Kirstie’s research makes use of a new approach — the theory of necropolitics — to understand incarceration in Australia. Necropolitics is a framework that investigates how institutions can subjugate a specific population’s life to the point of social, political, cultural, and physical death.

Kirstie says that she was inspired to use necropolitics after she heard about it in one of her Honours classes at JCU. “Through some of my subjects, I got a chance to see the underbelly of the criminal justice system. And I thought ‘we should hear more about this issue’,” Kirstie says.

But it can be tricky to take on necropolitics as a lens for examining the criminal justice system. “My research is very interdisciplinary. It spans across Indigenous studies, criminology, sociology, and anthropology and the different perspectives of these disciplines all play a part.”

“To make sense of the interviews I have with former offenders, the theory is used to examine these experiences for different types of violence,” Kirstie says. “Violence doesn’t just mean physical violence, but there’s also symbolic, and systemic violence.”

This fresh approach allows Kirstie to consider the whole criminal justice system, rather than just small parts of it. “As Jiddu Krishnamurti, a famous philosopher explained, it’s important to understand the whole of something not just one part of something. The goal of my research is to understand the unequal relations of power within all three branches of the system and how they contribute to forms of violence experienced by Indigenous Australian people,” Kirstie says.

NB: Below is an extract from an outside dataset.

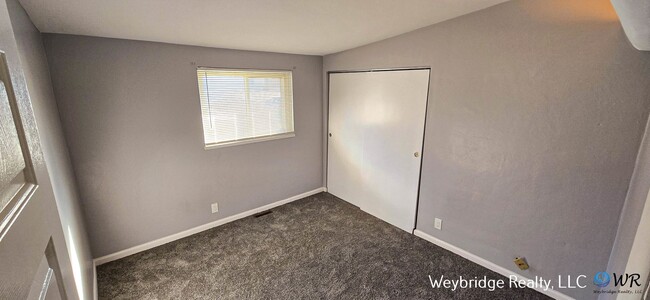 Building Photo - COMMING SOON!  Updated 3-Bedroom (Bonus Ro...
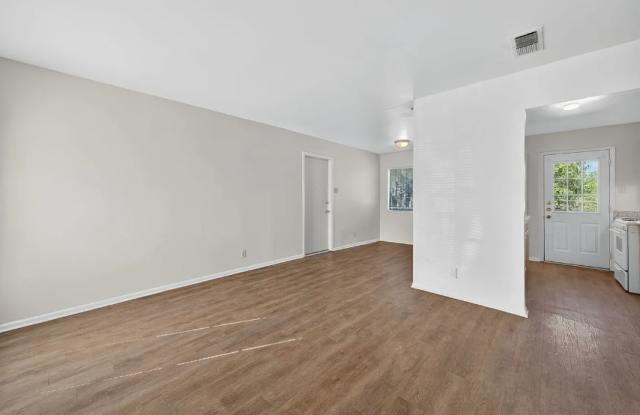 5311 Woodbrook Gallery 3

“I was really encouraged and supported during my Honours. So, when the opportunity came up to do a PhD, the research just naturally grew from there.”

JCU PhD Candidate Kirstie Broadfield

Trying to make a difference

At the end of the day, Kirstie says she wants her research to make a difference. “I wanted to try and give Indigenous Australian people’s voices a platform and add to the information out there about Indigenous incarceration. I wanted to come at it from a different angle and have the opportunity to try and add something different.”

Kirstie’s research has so far provided some important results. “My research suggests that Indigenous Australians have been zombified and transmogrified into homo sacer by the criminal justice system. It results in a despondency that highlights unequal relations between Indigenous Australians and the institutions that have power over their lives. In simple terms, this means that the criminal justice system denies them of their humanity and individuality as people.”

“I would like to see some real changes to the whole system, but especially to prisons,” Kirstie says. “People in prisons need to be treated with humanity. That means taking care of their mental health, medical care, and recognising that Indigenous people in prison are vulnerable to separation from their culture and family.”

But the changes Kirstie hopes for are not just limited to inside the criminal justice system. Out in the wider community is also critical. “Community development is a really big part of the policy changes that need to be made. Sustainable economic development for communities would help lessen some of the social determinants of crime,” Kirstie says. “There needs to be more of a policy focus on culturally relevant justice reinvestment, as well as culturally appropriate rehabilitation programs that are better for Indigenous offenders.”